I transferred my drawing to the canvas and lightly sprayed it with fixative. I mixed up 9 values of burnt sienna and lead white, and began the underpainting. The purpose of an underpainting is manifold. Firstly, it gets me painting in an low-pressure way. There is no color variation, texture, subtle lighting effects, or even exact values to think about. All I have to do is cover the canvas with paint while retaining the drawing. It’s easy. It also takes away the stark white of the canvas, so it’ll be easier to judge color and value when the time comes. Lastly, it provide a consistent color under the top layers, harmonizing the finished painting.
Since I want this layer to dry quickly, I paint very thinly. Also, I don’t want any texture at this point, since any ill-considered brushstrokes would show through in the final layers. I smooth out the paint with a badger blender. I paint everything in a much lower value key than in the final painting. The darkest dark in the underpainting is only about a 5 on a 1-9 scale.
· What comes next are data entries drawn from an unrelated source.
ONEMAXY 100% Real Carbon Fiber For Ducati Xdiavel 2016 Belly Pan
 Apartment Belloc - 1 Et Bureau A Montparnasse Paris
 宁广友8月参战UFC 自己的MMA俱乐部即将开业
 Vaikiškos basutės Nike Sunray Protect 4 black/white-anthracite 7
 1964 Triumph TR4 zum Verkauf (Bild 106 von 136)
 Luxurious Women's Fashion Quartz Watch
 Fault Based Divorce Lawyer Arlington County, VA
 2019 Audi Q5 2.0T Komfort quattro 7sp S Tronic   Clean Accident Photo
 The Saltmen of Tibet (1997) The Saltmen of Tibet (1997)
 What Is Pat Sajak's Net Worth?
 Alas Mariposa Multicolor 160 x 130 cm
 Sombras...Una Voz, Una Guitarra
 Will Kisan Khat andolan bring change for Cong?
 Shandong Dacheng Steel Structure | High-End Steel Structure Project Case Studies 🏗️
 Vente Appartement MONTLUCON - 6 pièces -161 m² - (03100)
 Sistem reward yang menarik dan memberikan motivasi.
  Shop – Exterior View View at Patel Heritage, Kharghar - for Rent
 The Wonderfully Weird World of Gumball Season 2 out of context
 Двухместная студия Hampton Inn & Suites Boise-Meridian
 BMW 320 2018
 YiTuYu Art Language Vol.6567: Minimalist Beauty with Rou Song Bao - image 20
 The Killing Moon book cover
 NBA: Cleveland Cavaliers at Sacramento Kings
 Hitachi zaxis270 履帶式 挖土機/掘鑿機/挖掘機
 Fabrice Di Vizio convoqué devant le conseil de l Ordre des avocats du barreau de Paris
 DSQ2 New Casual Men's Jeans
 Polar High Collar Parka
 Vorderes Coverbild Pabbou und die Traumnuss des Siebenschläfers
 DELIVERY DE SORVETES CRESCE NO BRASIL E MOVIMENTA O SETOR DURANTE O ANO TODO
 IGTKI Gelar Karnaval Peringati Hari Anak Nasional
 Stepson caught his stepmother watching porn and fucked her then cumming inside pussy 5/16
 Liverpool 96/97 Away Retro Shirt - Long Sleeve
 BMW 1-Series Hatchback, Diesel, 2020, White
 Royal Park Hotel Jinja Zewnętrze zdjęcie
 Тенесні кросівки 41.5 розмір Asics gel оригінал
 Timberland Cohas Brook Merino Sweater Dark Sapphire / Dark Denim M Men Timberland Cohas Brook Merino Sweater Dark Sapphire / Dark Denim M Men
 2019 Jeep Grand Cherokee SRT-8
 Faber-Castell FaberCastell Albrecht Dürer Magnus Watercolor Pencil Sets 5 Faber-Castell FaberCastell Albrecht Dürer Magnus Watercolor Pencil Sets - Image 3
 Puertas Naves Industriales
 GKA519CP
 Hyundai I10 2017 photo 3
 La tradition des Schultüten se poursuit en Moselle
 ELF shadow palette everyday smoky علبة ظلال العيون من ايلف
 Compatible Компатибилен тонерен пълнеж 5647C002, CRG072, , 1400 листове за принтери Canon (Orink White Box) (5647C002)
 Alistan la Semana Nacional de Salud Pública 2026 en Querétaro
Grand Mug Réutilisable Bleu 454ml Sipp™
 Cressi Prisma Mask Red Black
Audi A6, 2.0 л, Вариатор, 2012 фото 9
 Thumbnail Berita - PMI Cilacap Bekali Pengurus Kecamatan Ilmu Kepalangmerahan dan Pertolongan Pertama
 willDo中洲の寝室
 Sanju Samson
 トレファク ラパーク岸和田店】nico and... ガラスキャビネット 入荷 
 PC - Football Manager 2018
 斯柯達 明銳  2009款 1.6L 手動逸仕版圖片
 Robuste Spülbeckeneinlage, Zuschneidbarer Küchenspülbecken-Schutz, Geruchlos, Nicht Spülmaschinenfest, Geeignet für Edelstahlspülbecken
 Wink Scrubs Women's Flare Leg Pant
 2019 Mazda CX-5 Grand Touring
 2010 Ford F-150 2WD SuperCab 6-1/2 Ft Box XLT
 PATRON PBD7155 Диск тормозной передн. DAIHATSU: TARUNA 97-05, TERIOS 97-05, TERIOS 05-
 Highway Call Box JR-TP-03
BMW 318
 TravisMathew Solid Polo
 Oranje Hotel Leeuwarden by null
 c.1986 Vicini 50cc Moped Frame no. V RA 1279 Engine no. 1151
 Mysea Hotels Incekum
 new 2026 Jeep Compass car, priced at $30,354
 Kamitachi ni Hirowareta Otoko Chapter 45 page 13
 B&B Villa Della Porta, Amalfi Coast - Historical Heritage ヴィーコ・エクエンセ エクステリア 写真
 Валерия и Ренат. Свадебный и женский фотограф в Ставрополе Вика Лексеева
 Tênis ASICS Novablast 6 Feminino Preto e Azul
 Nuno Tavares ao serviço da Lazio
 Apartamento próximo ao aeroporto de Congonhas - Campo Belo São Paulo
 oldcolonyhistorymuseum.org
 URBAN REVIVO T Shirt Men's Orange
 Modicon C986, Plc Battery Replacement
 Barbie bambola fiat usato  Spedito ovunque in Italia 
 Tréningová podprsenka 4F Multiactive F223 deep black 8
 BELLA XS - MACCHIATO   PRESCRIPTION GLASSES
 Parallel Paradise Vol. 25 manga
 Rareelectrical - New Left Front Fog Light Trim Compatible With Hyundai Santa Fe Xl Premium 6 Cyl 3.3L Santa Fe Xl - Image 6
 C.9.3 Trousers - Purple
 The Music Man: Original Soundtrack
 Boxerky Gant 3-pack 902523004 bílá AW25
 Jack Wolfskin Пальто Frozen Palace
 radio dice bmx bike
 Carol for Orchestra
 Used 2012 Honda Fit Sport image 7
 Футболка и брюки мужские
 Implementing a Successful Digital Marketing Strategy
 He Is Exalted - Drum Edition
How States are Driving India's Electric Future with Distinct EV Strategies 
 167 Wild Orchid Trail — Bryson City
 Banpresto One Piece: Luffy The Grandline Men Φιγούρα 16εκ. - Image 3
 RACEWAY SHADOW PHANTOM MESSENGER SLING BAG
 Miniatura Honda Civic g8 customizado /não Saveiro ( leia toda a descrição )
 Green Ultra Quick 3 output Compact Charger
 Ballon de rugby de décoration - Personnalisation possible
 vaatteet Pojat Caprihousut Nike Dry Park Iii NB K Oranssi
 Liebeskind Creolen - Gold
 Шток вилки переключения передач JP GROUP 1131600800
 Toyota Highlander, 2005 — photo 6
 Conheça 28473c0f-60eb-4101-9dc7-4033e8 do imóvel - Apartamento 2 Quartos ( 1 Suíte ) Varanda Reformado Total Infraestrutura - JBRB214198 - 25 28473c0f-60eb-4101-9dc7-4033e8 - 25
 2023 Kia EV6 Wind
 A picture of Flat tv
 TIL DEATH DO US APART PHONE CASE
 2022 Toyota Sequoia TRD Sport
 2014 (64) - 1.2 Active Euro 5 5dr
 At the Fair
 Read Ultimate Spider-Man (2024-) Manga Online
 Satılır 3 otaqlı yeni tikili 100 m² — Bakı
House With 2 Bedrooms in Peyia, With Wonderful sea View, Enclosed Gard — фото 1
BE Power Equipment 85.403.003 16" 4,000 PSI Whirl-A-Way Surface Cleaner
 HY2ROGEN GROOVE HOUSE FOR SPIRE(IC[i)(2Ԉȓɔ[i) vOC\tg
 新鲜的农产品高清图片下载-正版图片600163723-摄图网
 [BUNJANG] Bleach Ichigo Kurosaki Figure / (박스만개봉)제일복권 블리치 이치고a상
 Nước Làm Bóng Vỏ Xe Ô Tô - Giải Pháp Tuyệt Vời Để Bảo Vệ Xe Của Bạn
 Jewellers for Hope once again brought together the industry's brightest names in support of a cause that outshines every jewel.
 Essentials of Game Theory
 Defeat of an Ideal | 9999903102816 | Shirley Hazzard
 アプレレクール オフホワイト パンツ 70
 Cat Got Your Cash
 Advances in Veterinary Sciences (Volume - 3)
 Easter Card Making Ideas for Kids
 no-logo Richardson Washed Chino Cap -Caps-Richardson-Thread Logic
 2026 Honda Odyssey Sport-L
I have found that a darker under-layer can dull the brightness of the over-layers. I’m always careful not to obliterate the drawing. I don’t need any subtle detail at this point. Notice that I show no texture on the orange crate.
This is a big canvas. so covering it with paint takes a while. This is as far as I got after a day of work. Considering how complex the pattern on the scarf is, I probably won’t finish it at my next session either.